Grâce à l’action de certains juges d’instance, l’Union européenne a considéré qu’il fallait que le magistrat puisse soulever des arguments juridiques que le consommateur n’aurait pas pensé à soulever. L’objectif est de contribuer à rétablir l’équilibre dans les parties et d’assurer l’effectivité de la protection du consommateur telle qu’elle est prévue par la directive européenne relative aux contrats de crédit aux consommateurs.
Dans ces conditions, s’il doit y avoir une juridiction nationale (plutôt que 700 tribunaux d’instance) pour traiter ce type de contentieux, alors il faudra que des garanties soient apportées sur la pérennité et la suffisance des moyens en personnels. À défaut, submergés par le flux, les magistrats affectés n’auront plus les moyens de remplir leur rôle et l’équilibre sera rompu, ce qui emportera des conséquences néfastes pour les justiciables.
Le projet semble par conséquent ignorer la mission de « juge de paix » du tribunal d’instance ?
Ce qui fait notre force, c’est cette proximité avec le justiciable. Celle qui nous permet d’exercer utilement notre mission de conciliation, chevillée à notre fonction. Il ne faut pas sombrer dans l’idéalisme, mais il faut assister à une audience d’instance pour comprendre que les enjeux dépassent bien souvent ce que les gens annoncent. Concrètement, derrière un conflit autour d’un arbre qui fait de l’ombre aux rosiers, on découvre un conflit de voisinage plus ancien, souvenir d’un soir de fête où on n’a pas été invité, d’un regard de travers un autre jour… Faut-il balayer ce contentieux ? Non je ne le pense pas. Faut-il sortir tout un arsenal juridique ? Je ne le pense pas non plus.
Alors nous écoutons les parties et puis nous abordons ce pour quoi nous avons été saisis et nous essayons de faire parvenir les parties à une solution. À défaut un jugement tranchant cette question sera rendu.

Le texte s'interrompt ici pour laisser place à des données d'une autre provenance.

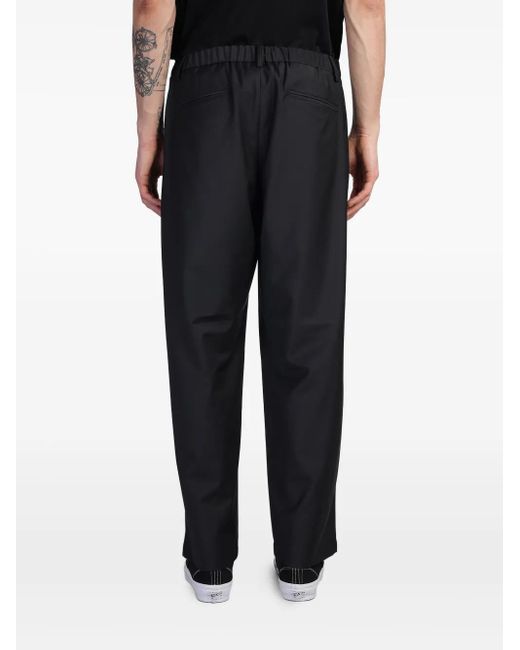 Attachment Straight Broek in het Black voor heren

Probablement qu’une partie sera condamnée, mais on s’emploie à ce que celle-ci comprenne pourquoi elle l’a été et qu’elle quitte l’audience avec le sentiment d’avoir été entendue.
Avec la perspective d’un mode unique de saisine du tribunal, le réflexe du recours au juge sera-t-il toujours aussi évident ? Les gens accepteront-ils d’engager des frais d’huissier pour que leur cas soit évoqué ? Pas sûr… Pour autant, leur problème aura-t-il disparu ? Pas sûr non plus. Puisqu’il est question de justice de qualité : plutôt que de restreindre le nombre de dossiers qui viennent devant le juge, pourquoi ne pas augmenter le nombre de juges ?
Juge d’instance, c’est plus qu’un métier, c’est un sacerdoce ?
Peut-être pas, tout de même ! Mais c’est une fonction prenante. On ne devient jamais juge d’instance par hasard. Je le répète un peu trop souvent, mais pour être juge d’instance, il faut aimer les gens au moins autant qu’on aime le droit.